Created on 01 March 2019 by ncetm_administrator
Updated on 04 March 2019 by ncetm_administrator


Language and maths: teaching EAL pupils

As a Year 2 teacher in a Thai–UK curriculum school in Bangkok, most of my pupils are EAL (English as an Additional Language) learners. However, unlike those I taught in London, my Thai pupils find mathematics to be fun and seem to struggle less with understanding mathematical concepts.

Not only do my Thai pupils have to learn mathematical concepts but they also need to learn mathematical terminology in English!

One clue to their conceptual understanding can be found in the unique differences between the Thai and English languages.

Click image to see large version of full diagram

As we can see, Thai pupils make use of place value in order to construct numbers linguistically. Rather than saying ‘fourteen’ or ‘thirty’, they say ‘ten and four’ (10 + 4) or ‘three tens’ (3 × 10). By using place value they can see how numbers are combined to make larger numbers, and even how multiplication functions as repeated addition. For example, 40 is spoken as ‘four-tens’ or ‘4×10’.

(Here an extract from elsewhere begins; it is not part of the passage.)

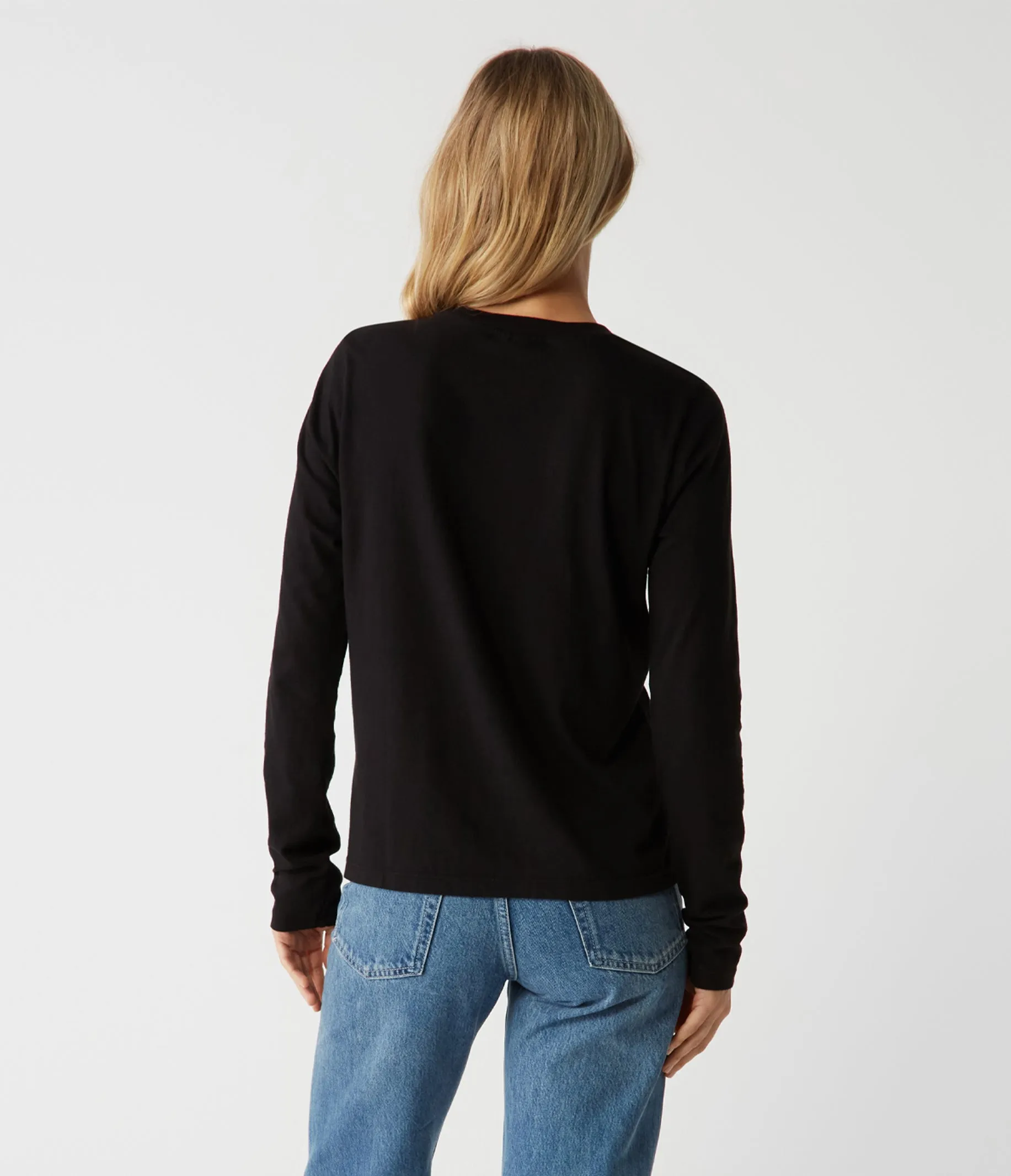 Clarissa Long Sleeve Tee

This relationship between language and place value can be further reinforced by making use of manipulatives and pictorial representations in order to understand number sentences.


What about fractions? Does language play a role? Yes!

There is a consistent structure and pattern to how the Thai language constructs fractions. This reinforces the part–whole relationship (Saed) and the relationship between the numerator and denominator, as one in which the whole is ‘divided’ or partitioned (Suan). The Thai language has only one name for each fraction.

Compare this to the English language, which has multiple ways of describing the same fraction.

Click image to enlarge

The relationship between numerator and denominator and how this relationship is inextricably linked with whole-part relationship can be visualised or experienced using manipulatives (e.g. Dienes blocks) or pictorial representations. By using manipulatives, white boards for pictures and reinforcing ‘part’, ‘piece’, ‘fraction’ and ‘whole’ when referring to fractions, I enabled a clear connection between Thai (first language) and English (second language). This certainly was a powerful scaffold that allowed my Year 2 pupils to compare and order fractions.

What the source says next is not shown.